_Problem_: Without the pictures, copy all the entries below exactly.

_The records_:
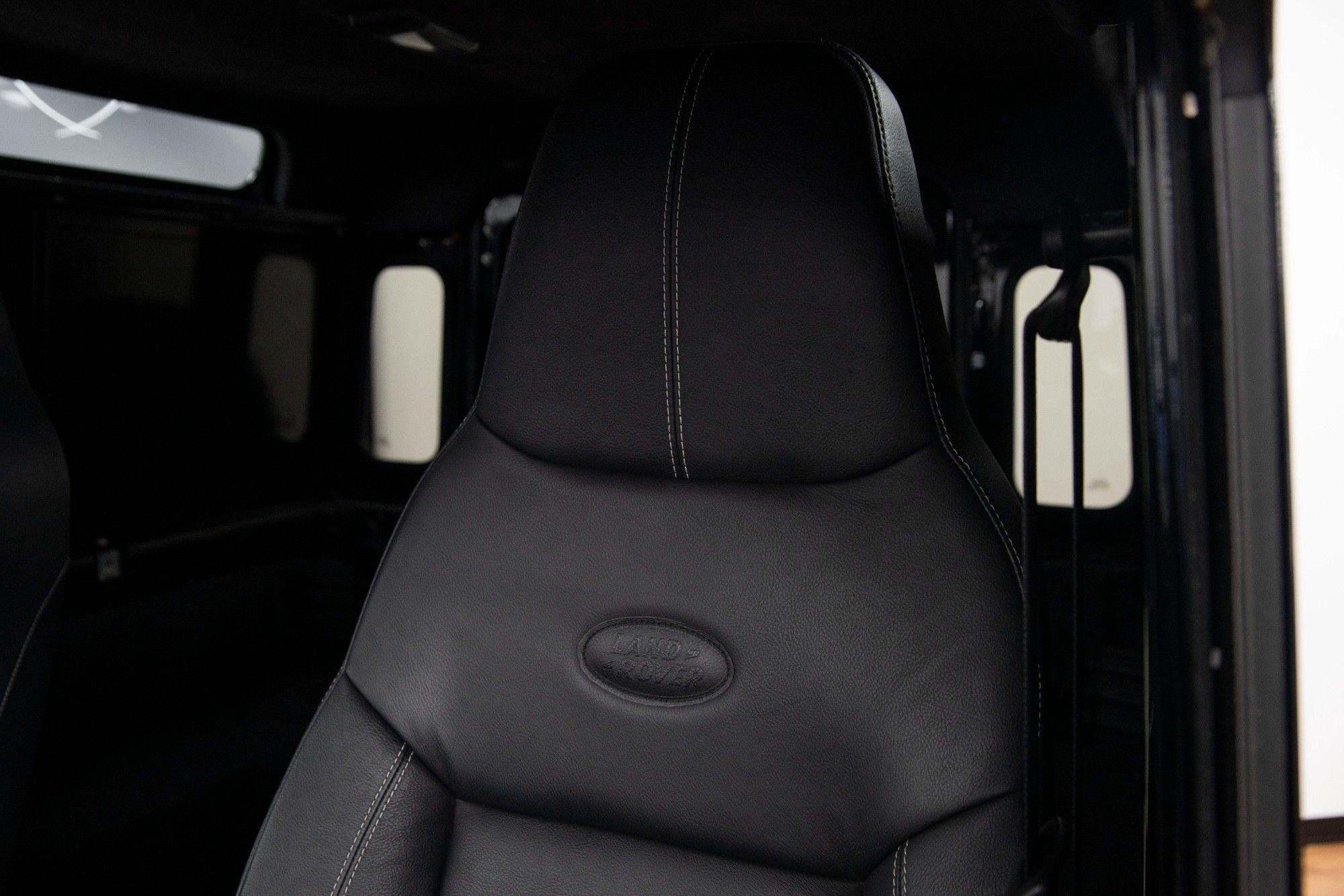 USED 2014 64 LAND ROVER DEFENDER 2.2 TD HARD TOP XS 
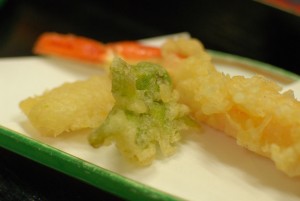 カニの天ぷらの脇に控えてます。カニ塩でどうぞ!!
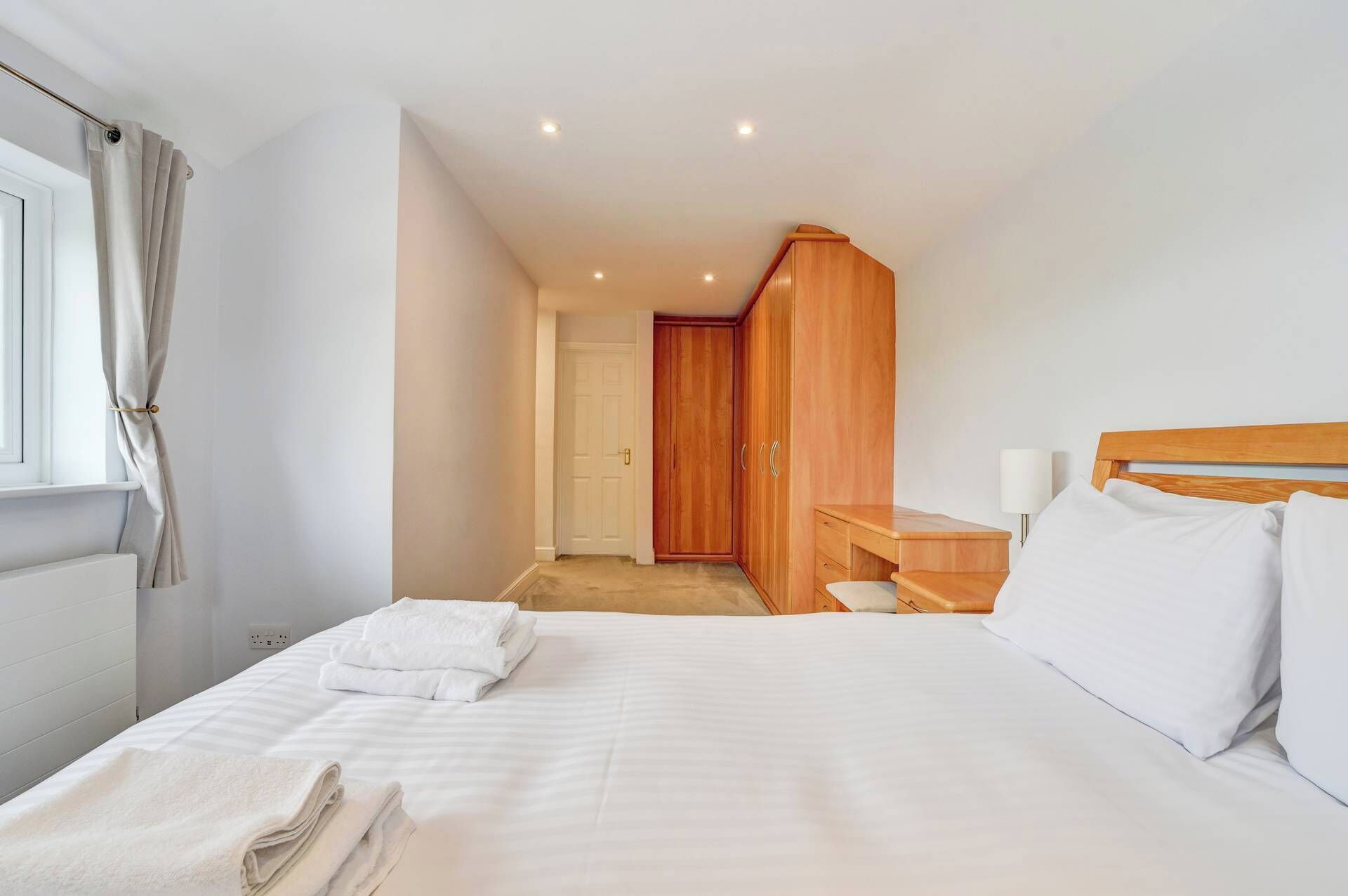 4 Schlafzimmer, Bügeleisen/Bügelbrett, Internetzugang, Bettwäsche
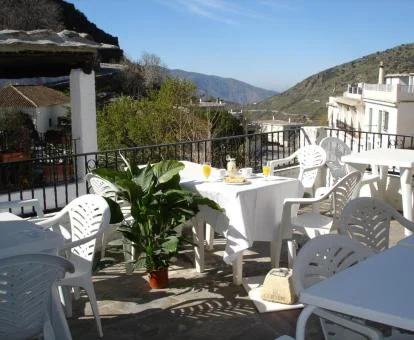 Terraza con comedores exteriores y vistas a la naturaleza de este establecimiento con encanto.
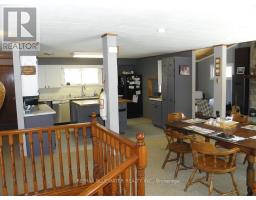 6386 VICTORIA AVENUE - 12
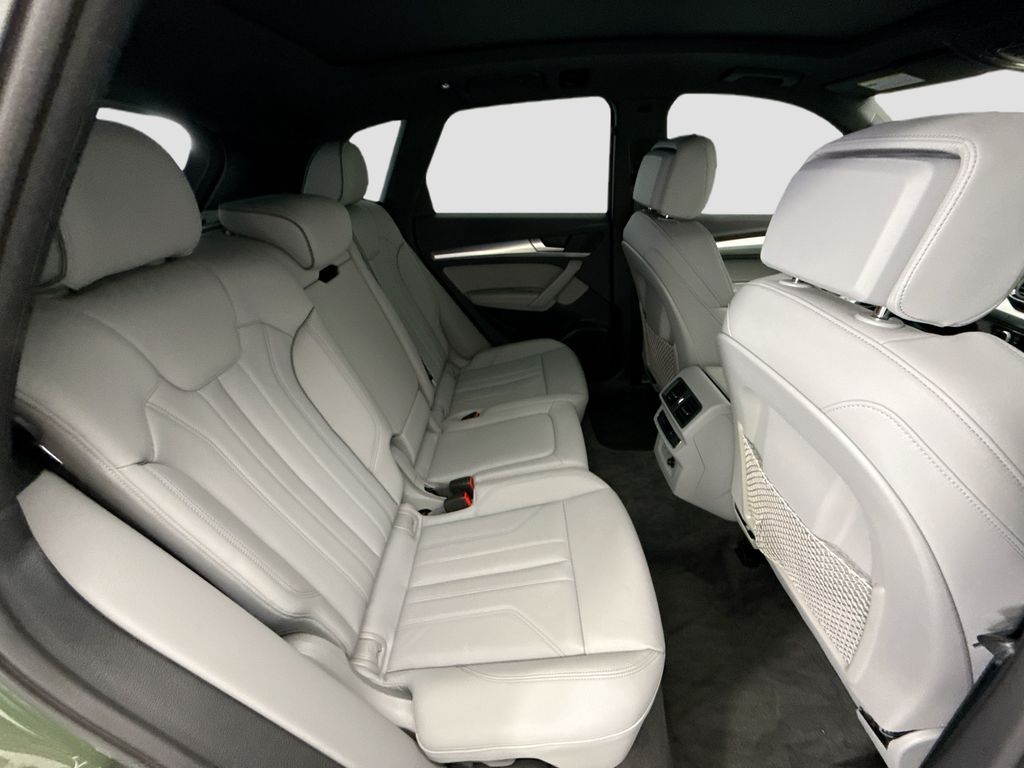 Thumbnail: 2024 Audi Q5 - 20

_Reply to the task_:
 USED 2014 64 LAND ROVER DEFENDER 2.2 TD HARD TOP XS 
 カニの天ぷらの脇に控えてます。カニ塩でどうぞ!!
 4 Schlafzimmer, Bügeleisen/Bügelbrett, Internetzugang, Bettwäsche
 Terraza con comedores exteriores y vistas a la naturaleza de este establecimiento con encanto.
 6386 VICTORIA AVENUE - 12
 Thumbnail: 2024 Audi Q5 - 20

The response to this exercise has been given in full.